Une question innocente, posée avec tant de douceur.
—J'avais seize ans, et c'était aussi pathétique que c'était décevant, avouai-je avec franchise. Une femme plus âgée, je ne te dirais pas son âge car cela risquerait de te choquer.
—Combien ?
—Vingt-quatre.
Elle m'observa avec attention, mais se passa d'un quelconque commentaire. J'avais la majorité sexuelle et il ne s'agissait pas d'un détournement de mineur. Une relation consentie.
—Et puis, je m'en voudrais. Tu es tellement petite dans ce t-shirt trop large.
—Hé ! s'écria la jeune fille aux joues rouges en barrant sa poitrine d'un bras. Elle n'est pas aussi développée que mon intelligence mais on ne peut pas tout avoir non plus.
—C'est bien la première fois qu'on me la sort, celle-là. Je parlais de ta taille, pas de tes seins.
Du peu que j'avais pu entrapercevoir ils étaient très bien comme ils étaient. Mais la boutade amena une touche de légèreté au sérieux de la situation. Elle était vraiment adorable dans cet appareil, loin de son uniforme sans un pli.
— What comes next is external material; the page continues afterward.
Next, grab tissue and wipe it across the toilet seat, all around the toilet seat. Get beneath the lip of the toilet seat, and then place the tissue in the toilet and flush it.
Vous savez, déshabiller une femme c'est un peu comme déballer un cadeau, mais là l'emballage aurait été un maigre si vous voulez mon avis.
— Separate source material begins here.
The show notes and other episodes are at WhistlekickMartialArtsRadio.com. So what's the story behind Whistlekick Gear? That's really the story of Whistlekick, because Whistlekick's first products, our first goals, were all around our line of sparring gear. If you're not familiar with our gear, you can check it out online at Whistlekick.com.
—Enfin, tout ça pour dire que tu devrais vraiment faire ça avec la bonne personne.
Et je ne me qualifiais pas ainsi hélas.
—Tu as raison.
Vous pourriez être fier de moi, et pendant une minute, je le fus moi-même.
—Mais si j'ai envie de le faire avec toi ?
Si vous aviez vu la façon dont elle me regardait. Avec désir, avec envie. La culpabilité s'empara de moi car j'étais convaincue que toute jeune fille de dix-sept ans s'imaginait sûrement faire sa première fois avec l'amour de sa vie. Mais Edelgard n'était pas comme toutes ces filles : elle avait les pieds sur terre, et elle n'était pas assez naïve pour croire vraiment à ça. Peut-être qu'elle prenait seulement ce qu'elle avait à prendre ignorant si elle en aurait encore l'occasion le lendemain. Il n'y eut qu'une seule chose que je pus lui glisser avant d'embrasser aussi tendrement que furieusement ses lèvres.
—Arrête-moi si quelque chose te déplait.
Et la seule chose que je peux vous dire, c'est que c'est arrivé.